Agora, tem uma questão mais profunda que eu tentei responder e não consegui: o que faz uma coisa ser negativa ou positiva em relação a sua carga no campo eletromagnético? Sim, sabemos que existem dois lados, mas quem escolhe o lado? Bom, no caso do próton, que tem carga positiva, podemos usar a explicação dos quarks que formam o próton: a soma da carga dos quarks é positiva. Só que só avançamos uma casa, não? Por que os quarks têm a carga que têm? E o elétron? Por que é negativo?

Aí entra o problema da partícula fundamental: chegamos no limite da divisão da matéria. Todas as características que conhecemos do que está ao nosso redor surgem da combinação das partículas fundamentais delas. Mas quando você chega na menor divisão, fica difícil explicar os porquês. As coisas só são daquele jeito. Carga é uma característica fundamental da matéria, ela está lá. Ela nasceu desse jeito.

E como nesse universo nada se cria, nada se destrói, tudo se transforma, as partículas fundamentais já saíram do Big Bang desse jeito. Não tem como afirmar o que fez a matéria ser matéria e não antimatéria, porque em tese, e aqui uma bela de uma insanidade, ela nem deveria existir. A lógica conhecida de funcionamento da realidade diz que essas partículas sempre se manifestam em pares, feitas para se aniquilar.

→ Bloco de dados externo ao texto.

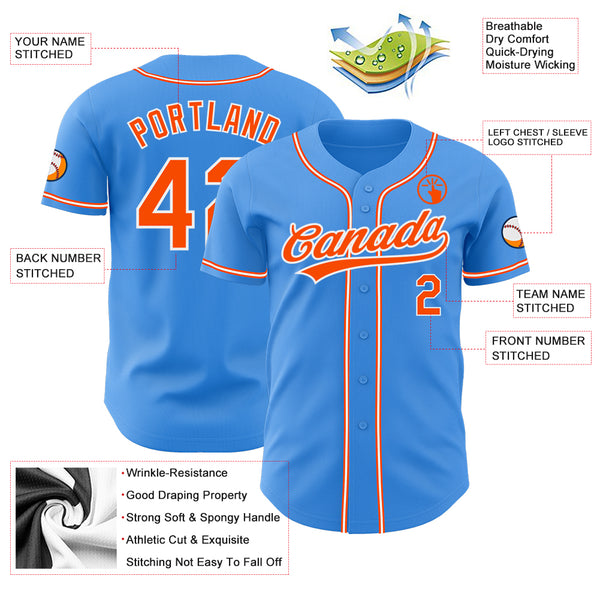 Cheap Custom White Blue-Orange Authentic Baseball Jersey Free Shipping –  CustomJerseysPro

O elétron é negativo porque é a forma dele se aniquilar com o pósitron (carga positiva), se por algum acaso o elétron não encontra um pósitron, ele ganha o direito de existir. A realidade é um erro ainda inexplicável. Antimatéria é algo fascinante porque ela falhou em cumprir seu papel bilhões de anos atrás e deixou um restinho de matéria na realidade. Essa distração momentânea foi o suficiente para pintar o céu de pontos luminosos e encantar macacos pelados num planeta rochoso.

A partir da revolução da Física Quântica, muitas de nossas certezas foram jogadas no lixo. Ainda estamos tentando entender o que diabos acontece nas menores escalas da matéria (e até mesmo nas maiores, o que é matéria escura?), e uma das explicações para isso é a existência de campos permeando toda a realidade, um deles o eletromagnético. Flutuações nesse campo geram as características básicas da matéria e governam como as coisas interagem. Não sei se você sabe, mas é a resistência eletromagnética dos seus átomos que faz com que as coisas sejam sólidas. Seus átomos não batem nos átomos da parede, eles são repelidos antes de encostar. Até porque átomos são basicamente espaço vazio, e vazio por vazio você poderia atravessar qualquer coisa sem a repulsão eletromagnética.

O campo eletromagnético interage com o elétron de forma a criar uma carga negativa. Se fosse o contrário, o pósitron, interagiria criando uma carga positiva. Por que ele faz isso, não sei. E considerando que eu vi algumas explicações que precisavam de Teoria das Cordas para tentar fazer senso disso, duvido que eu tenha passado reto por uma explicação muito bem aceita. A explicação que eu li tinha a ver com a forma do elétron (que era oco) e a do próton (que era preenchido), dentro da lógica da Teoria das Cordas, mas eu admito que passou muito do meu limite. Fica só como sugestão de pesquisa para quem quiser trazer informações novas para cá.

E só relembrando: chegar no ponto de não ter uma resposta comum aceitável na Ciência é a beleza dela. Não tem “porque sim” como resposta se você estiver disposto a se aprofundar. Prefiro mil vezes bater numa parede dessas do que ouvir alguém inventando respostas mágicas para o que nunca estudou.

Se você quiser tomar o título de nerd alfa do Desfavor, favor trazer uma boa resposta para o porquê das partículas fundamentais terem uma carga ou outra.

E mais importante: não coloque antimatéria no seu tanque de gasolina, pelo menos não se você morar mais ou menos perto de São Paulo (o estado).